**PROBLEM:**
Retype each entry. Leave nothing out.

**SOURCE INFORMATION:**
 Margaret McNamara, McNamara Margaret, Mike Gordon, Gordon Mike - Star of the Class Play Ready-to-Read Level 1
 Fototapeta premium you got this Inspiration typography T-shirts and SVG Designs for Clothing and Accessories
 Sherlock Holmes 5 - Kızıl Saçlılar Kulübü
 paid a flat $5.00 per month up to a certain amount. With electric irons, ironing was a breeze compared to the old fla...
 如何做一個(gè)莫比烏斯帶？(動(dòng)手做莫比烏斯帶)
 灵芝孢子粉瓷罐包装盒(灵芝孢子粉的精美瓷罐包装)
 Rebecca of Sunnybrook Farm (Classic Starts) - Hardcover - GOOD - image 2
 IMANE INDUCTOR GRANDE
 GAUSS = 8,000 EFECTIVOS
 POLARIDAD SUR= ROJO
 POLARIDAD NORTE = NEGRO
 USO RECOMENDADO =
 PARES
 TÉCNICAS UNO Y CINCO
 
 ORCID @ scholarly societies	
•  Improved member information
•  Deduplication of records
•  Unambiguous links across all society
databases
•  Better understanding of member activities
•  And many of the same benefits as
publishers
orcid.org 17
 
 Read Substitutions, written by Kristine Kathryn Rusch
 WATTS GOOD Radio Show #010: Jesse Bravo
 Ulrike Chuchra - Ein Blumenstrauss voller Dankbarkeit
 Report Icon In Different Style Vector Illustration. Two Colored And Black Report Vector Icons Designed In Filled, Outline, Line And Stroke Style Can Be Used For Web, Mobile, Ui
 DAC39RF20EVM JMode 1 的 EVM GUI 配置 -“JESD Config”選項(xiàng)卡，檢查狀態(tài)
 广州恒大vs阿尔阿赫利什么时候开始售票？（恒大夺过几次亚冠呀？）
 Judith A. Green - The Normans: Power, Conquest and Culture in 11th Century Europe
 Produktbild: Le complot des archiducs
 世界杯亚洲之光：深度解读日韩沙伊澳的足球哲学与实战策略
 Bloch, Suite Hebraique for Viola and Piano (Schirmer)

**ANSWER BOX:**
 Margaret McNamara, McNamara Margaret, Mike Gordon, Gordon Mike - Star of the Class Play Ready-to-Read Level 1
 Fototapeta premium you got this Inspiration typography T-shirts and SVG Designs for Clothing and Accessories
 Sherlock Holmes 5 - Kızıl Saçlılar Kulübü
 paid a flat $5.00 per month up to a certain amount. With electric irons, ironing was a breeze compared to the old fla...
 如何做一個(gè)莫比烏斯帶？(動(dòng)手做莫比烏斯帶)
 灵芝孢子粉瓷罐包装盒(灵芝孢子粉的精美瓷罐包装)
 Rebecca of Sunnybrook Farm (Classic Starts) - Hardcover - GOOD - image 2
 IMANE INDUCTOR GRANDE
 GAUSS = 8,000 EFECTIVOS
 POLARIDAD SUR= ROJO
 POLARIDAD NORTE = NEGRO
 USO RECOMENDADO =
 PARES
 TÉCNICAS UNO Y CINCO
 
 ORCID @ scholarly societies	
•  Improved member information
•  Deduplication of records
•  Unambiguous links across all society
databases
•  Better understanding of member activities
•  And many of the same benefits as
publishers
orcid.org 17
 
 Read Substitutions, written by Kristine Kathryn Rusch
 WATTS GOOD Radio Show #010: Jesse Bravo
 Ulrike Chuchra - Ein Blumenstrauss voller Dankbarkeit
 Report Icon In Different Style Vector Illustration. Two Colored And Black Report Vector Icons Designed In Filled, Outline, Line And Stroke Style Can Be Used For Web, Mobile, Ui
 DAC39RF20EVM JMode 1 的 EVM GUI 配置 -“JESD Config”選項(xiàng)卡，檢查狀態(tài)
 广州恒大vs阿尔阿赫利什么时候开始售票？（恒大夺过几次亚冠呀？）
 Judith A. Green - The Normans: Power, Conquest and Culture in 11th Century Europe
 Produktbild: Le complot des archiducs
 世界杯亚洲之光：深度解读日韩沙伊澳的足球哲学与实战策略
 Bloch, Suite Hebraique for Viola and Piano (Schirmer)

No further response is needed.